Can Apple's Stock Still Shine Without Jobs? By KEN HOOVER, INVESTOR'S BUSINESS DAILY
Posted 08/25/2011 07:06 PM ET

If there were a Hall of Fame for winning stocks, Apple ( AAPL) would surely be inducted.

And just-resigned Steve Jobs would be its most valuable player.

Apple's share price has climbed 6,260% from a low on April 17, 2003, just as it was engineering its turnaround from the wreckage of the tech bubble.



That price gain puts Apple in a league with the great growth stocks of the past three decades, along with Cisco Systems ( CSCO), Microsoft ( MSFT) and Wal-Mart ( WMT).

Under its charismatic founder Jobs and driven by relentless innovation — starting with the iPod, followed by the iPhone and iPad, all as it polished its sleek line of PCs and laptops — the Cupertino, Calif., company grew earnings at a staggering clip.

Its 2003 earnings were 10 cents a share, adjusted for a stock split. It's on track to finish this year with EPS of $27.42, according to analysts tracked by Thomson Reuters, who routinely underestimate its potential.

Apple rivals Exxon Mobil ( XOM) as the world's biggest company, yet posts quarterly numbers like a nimble new issue. Earnings in the latest quarter were 122% higher than a year earlier. Revenue jumped 82%.

That growth isn't even reflected in the share price. As good students of growth stocks know, the price-earnings ratio of a winning stock is high when it starts its big advance and usually expands 130% over the next couple years.

Apple broke out of the first base in its recent advance on March 4, 2004, with a P-E ratio of 54. Today, its P-E stands at 14.

From that first base, a classic 20-week cup-with-handle pattern, Apple climbed nearly seven-fold. It looked like it had topped when it corrected 42% in the first half of 2006. But it rebounded to a new high in December 2007, just as the Great Recession hit.

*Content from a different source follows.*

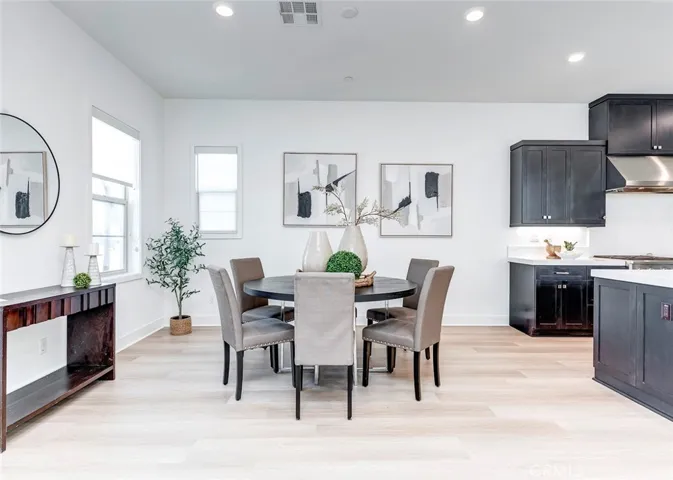 168 Scale, Irvine, California 92618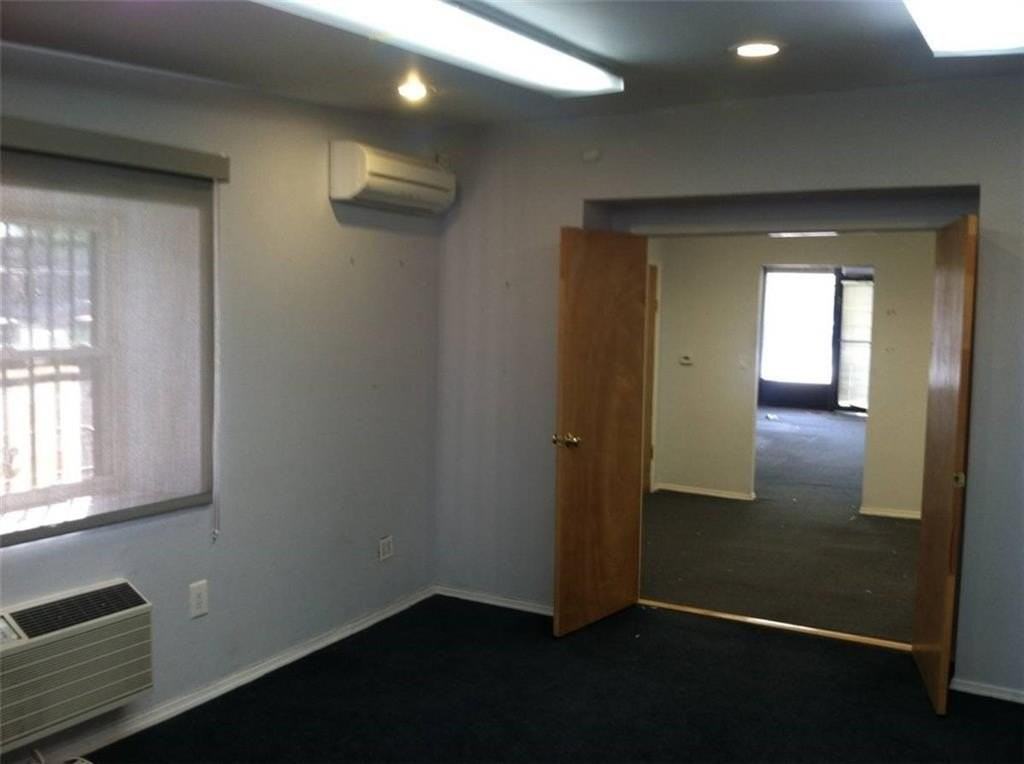 4022 Avenue U - Photo 2 of 9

The stock fell 61% the next year. That's when Apple showed its mettle. Earnings growth barely slowed, then re-accelerated in the third quarter of 2009.

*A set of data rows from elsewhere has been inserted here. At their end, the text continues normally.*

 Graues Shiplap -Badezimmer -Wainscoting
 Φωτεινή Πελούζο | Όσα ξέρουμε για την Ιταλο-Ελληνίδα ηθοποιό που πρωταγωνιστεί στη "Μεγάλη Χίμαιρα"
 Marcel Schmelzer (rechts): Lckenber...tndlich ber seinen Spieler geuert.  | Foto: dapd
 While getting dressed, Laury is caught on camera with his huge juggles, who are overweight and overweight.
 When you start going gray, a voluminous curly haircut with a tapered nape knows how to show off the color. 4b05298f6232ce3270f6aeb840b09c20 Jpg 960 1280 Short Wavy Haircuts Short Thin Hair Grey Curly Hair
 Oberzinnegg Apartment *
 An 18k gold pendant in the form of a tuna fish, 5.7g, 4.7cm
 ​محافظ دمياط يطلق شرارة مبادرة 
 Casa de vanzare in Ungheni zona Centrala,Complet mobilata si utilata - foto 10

From a January 2009 low, the stock rocketed 417%.

Is Apple's run finished?

Most of the big winners of the past two years have been pummeled in the current correction — think Netflix ( NFLX), Fossil ( FOSL), Chipotle Mexican Grill ( CMG) and Lululemon Athletica ( LULU). But Apple so far has held its ground.

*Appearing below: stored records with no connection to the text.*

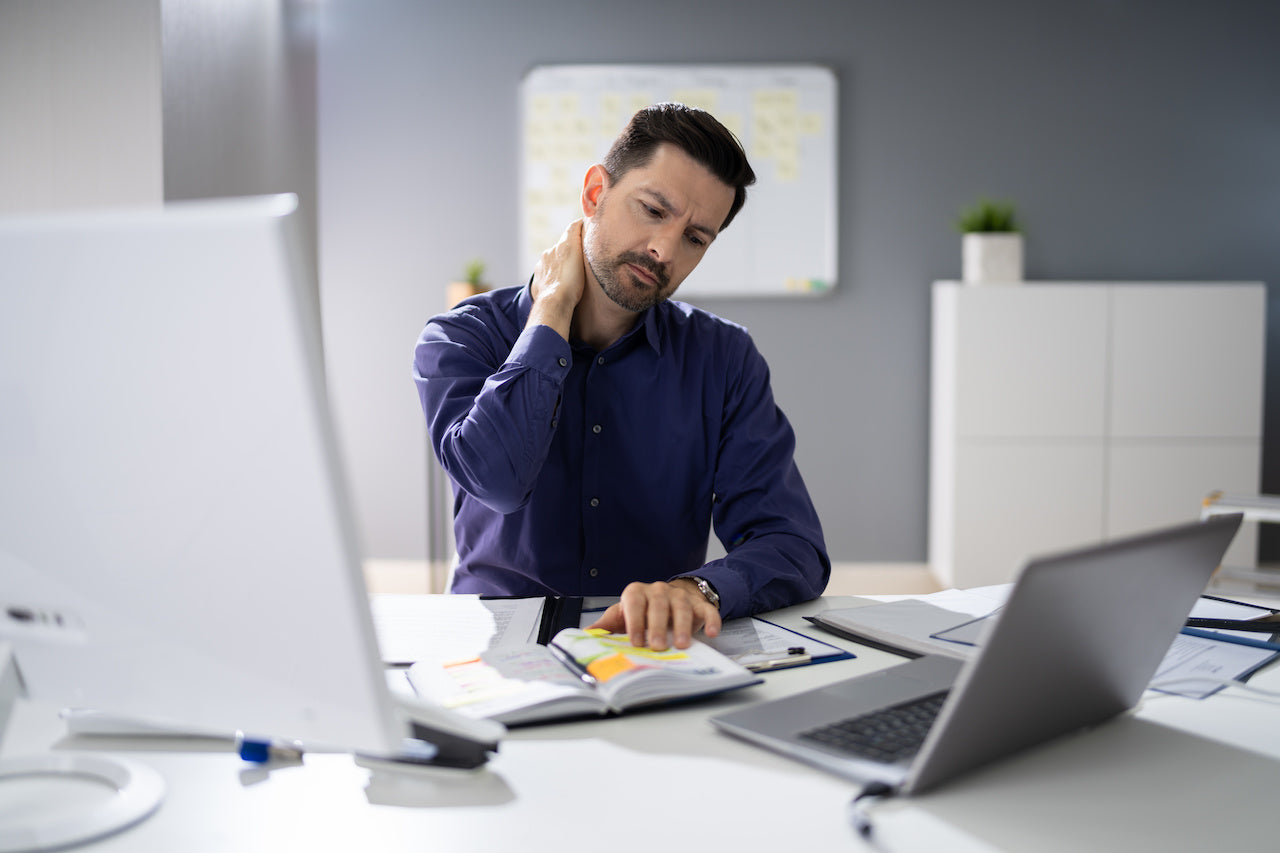 man not using a zero gravity chair ergonomic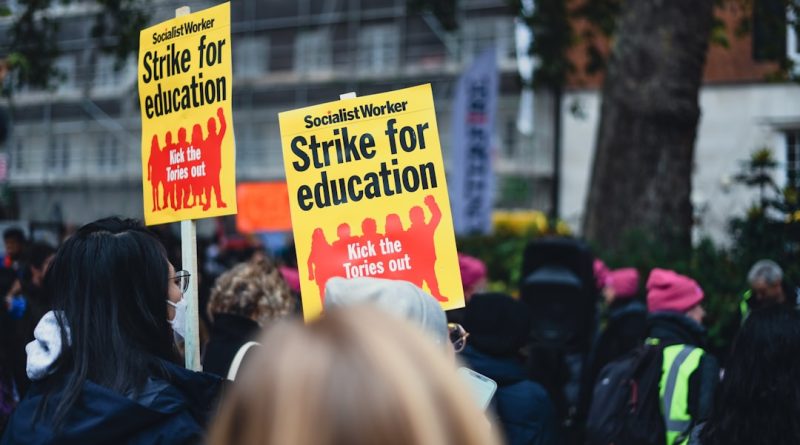 Education policy discussion and school reform debate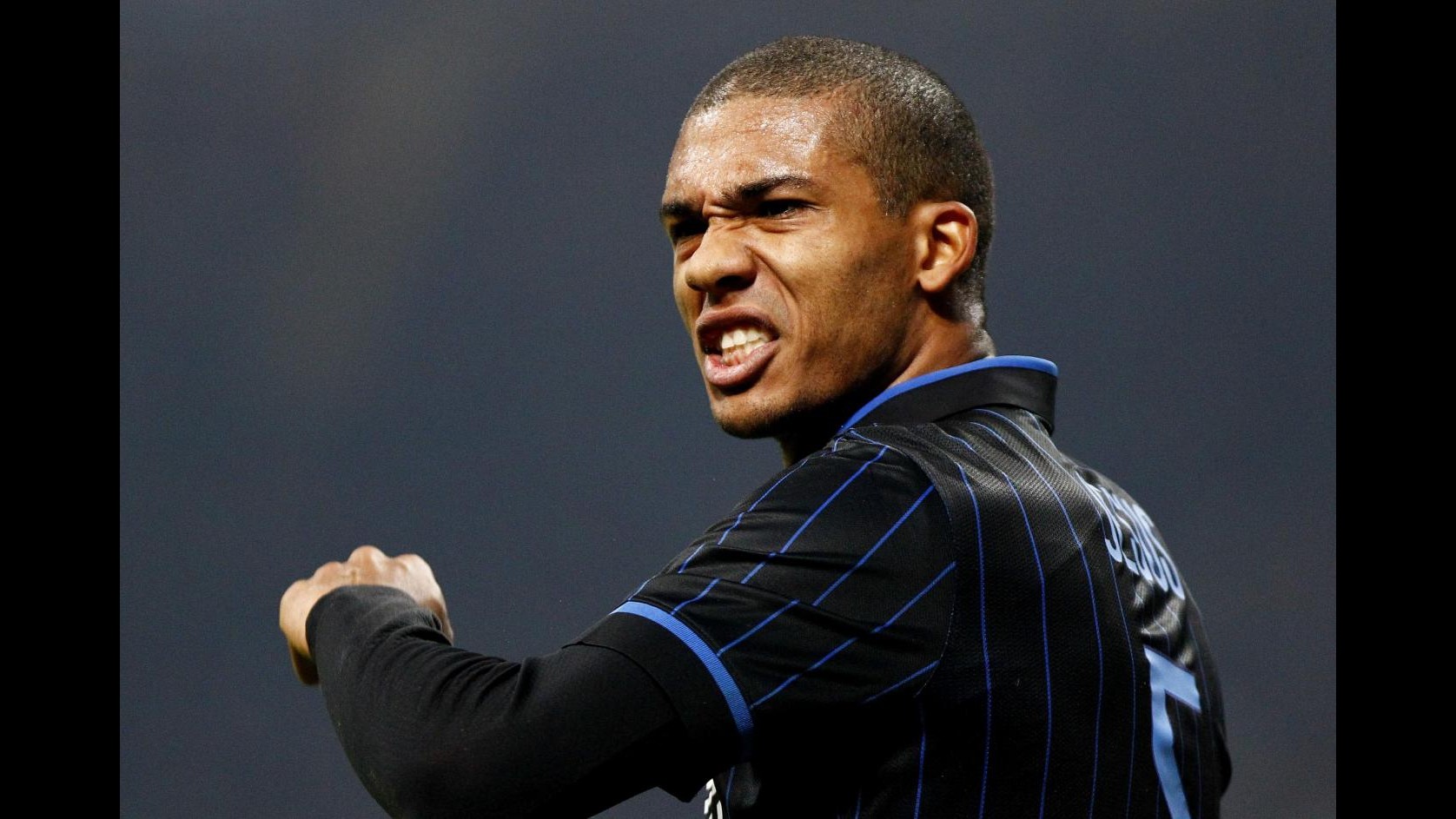 Giudice Serie A, prova tv per Juan Jesus: gomitata a Chiellini, stop 4 giornate
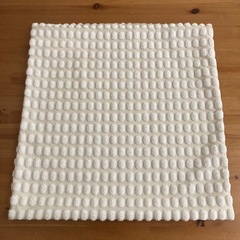 IKEA イケア クッション スヴァルトポッペル フィェドラール オフホワイト ぽこぽこ ポコポコ お洒落の画像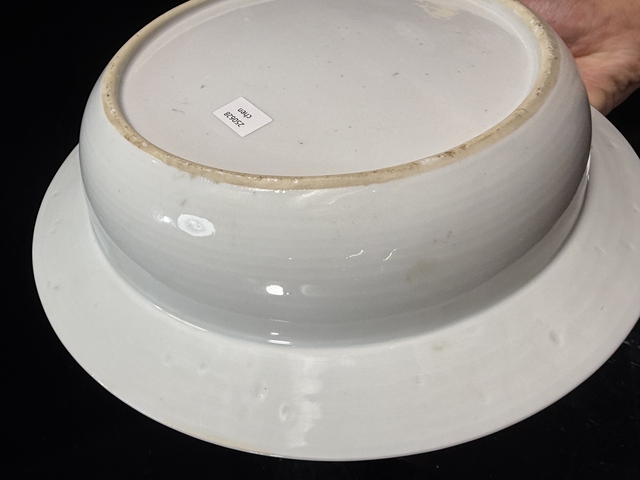 古玩陶瓷松鹿紋青花折沿深盤真品鑒賞圖
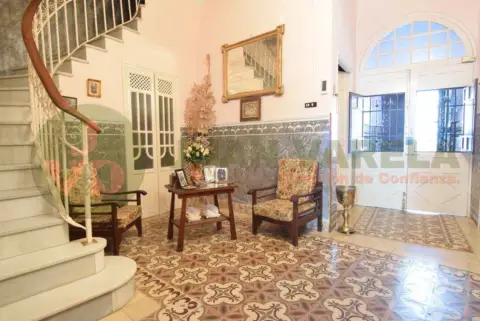 Casa en calle de Manuel de Falla, 5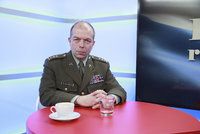 Tvář české vojenské historie Stehlík má skončit. Babiš chce rozhodnutí ministerstva zvrátit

The stock remains above the buy point of its last base and is finding support at its 50-day moving average line. It is 8% off an all-time high amid an 18% Nasdaq correction.

Even Jobs' exit brought barely a hiccup Thursday: The stock fell less than 1%. That shows mutual funds and other institutional investors support it, despite its big climb and loss of its all-star CEO.

There is precedent for a continued run in history's other big winners. Cisco went public in January 1990 and climbed 3,180% before correcting 54% in a serious market correction in 1994. It looked like it was done.

But its innovative spirit still burned brightly in the second half of the decade, and the stock climbed another 7,785% before finally topping in March 2000.

Innovation drives growth, and if Apple can maintain its creative edge under new CEO Tim Cook, it may find new life just as Cisco and a few others have.